INFORMATION SHOWN ->
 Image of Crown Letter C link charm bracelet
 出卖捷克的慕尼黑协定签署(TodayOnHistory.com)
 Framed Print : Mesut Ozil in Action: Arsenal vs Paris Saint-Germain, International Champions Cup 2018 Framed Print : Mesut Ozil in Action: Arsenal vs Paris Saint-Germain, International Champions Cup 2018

--

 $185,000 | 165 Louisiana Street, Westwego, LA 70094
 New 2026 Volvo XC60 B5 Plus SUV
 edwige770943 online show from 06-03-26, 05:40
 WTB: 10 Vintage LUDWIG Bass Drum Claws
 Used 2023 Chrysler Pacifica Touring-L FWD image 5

--

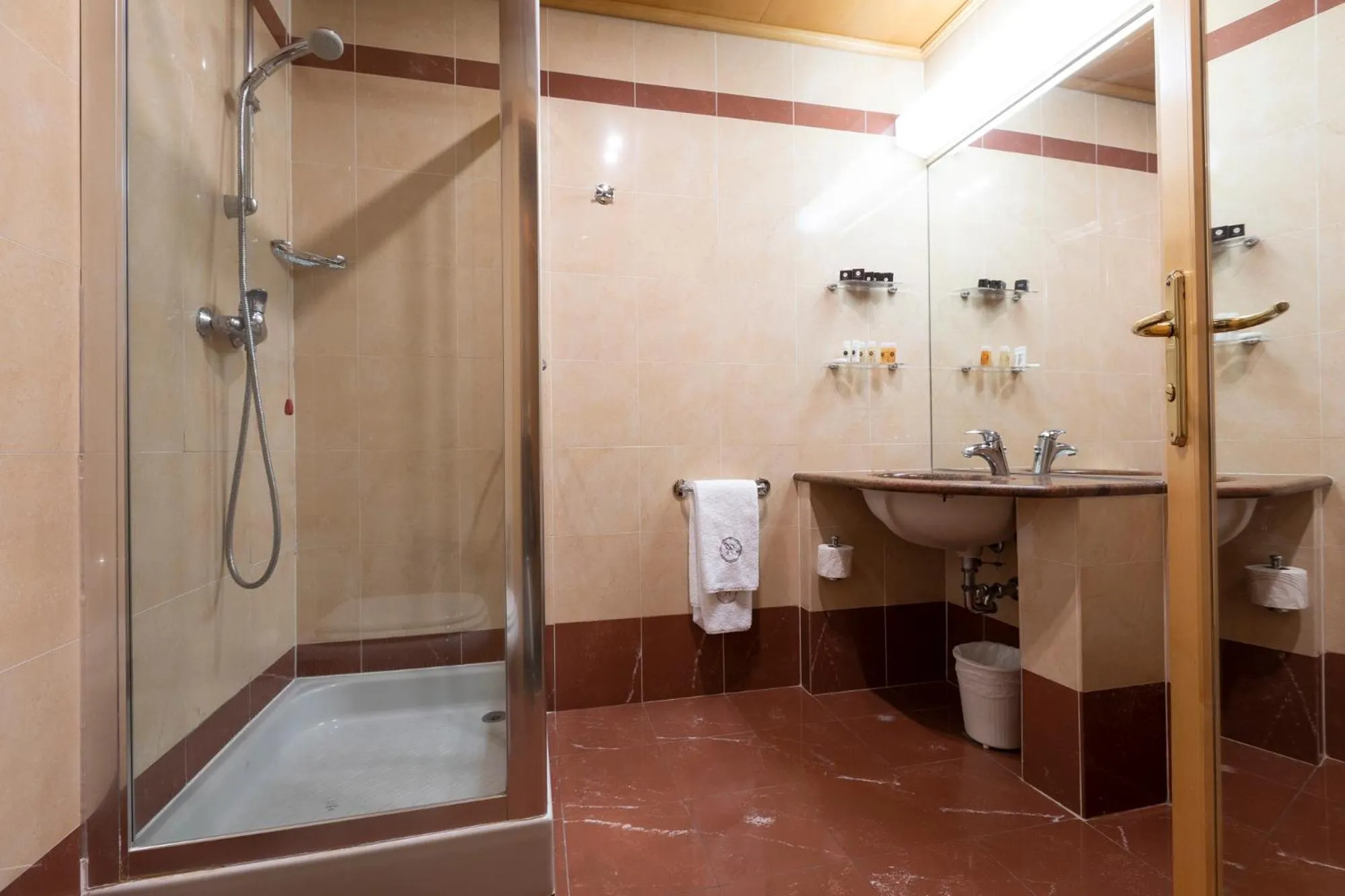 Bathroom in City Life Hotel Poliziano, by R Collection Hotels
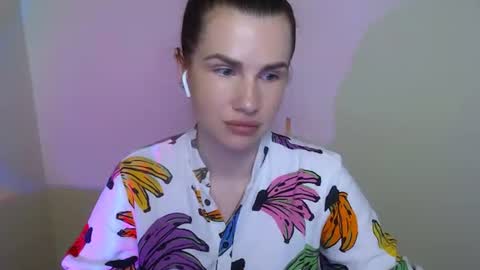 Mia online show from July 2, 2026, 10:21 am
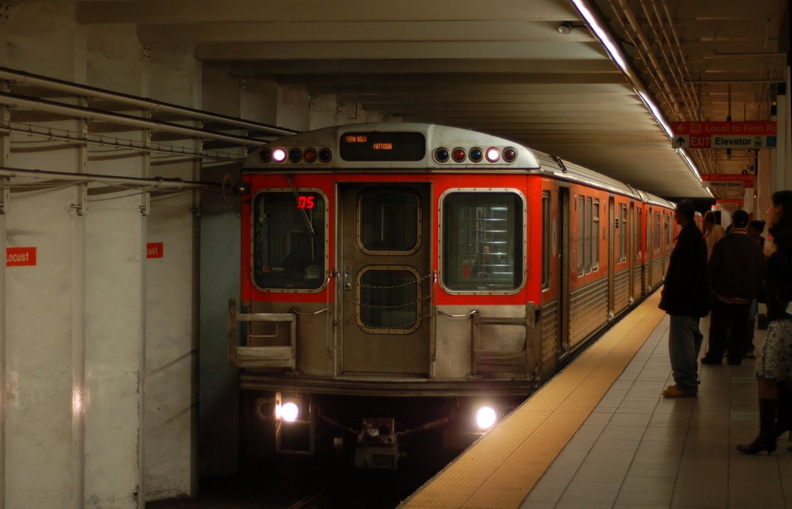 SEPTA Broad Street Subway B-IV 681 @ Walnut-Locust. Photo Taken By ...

WHAT THE TASK REQUIRES -> Transcribe the records above exactly, beginning at the line that contains "Image of Crown Letter C link charm bracelet" and ending with the line that contains "出卖捷克的慕尼黑协定签署(TodayOnHistory.com)", both included, and nothing else.

TASK ANSWER ->
 Image of Crown Letter C link charm bracelet
 出卖捷克的慕尼黑协定签署(TodayOnHistory.com)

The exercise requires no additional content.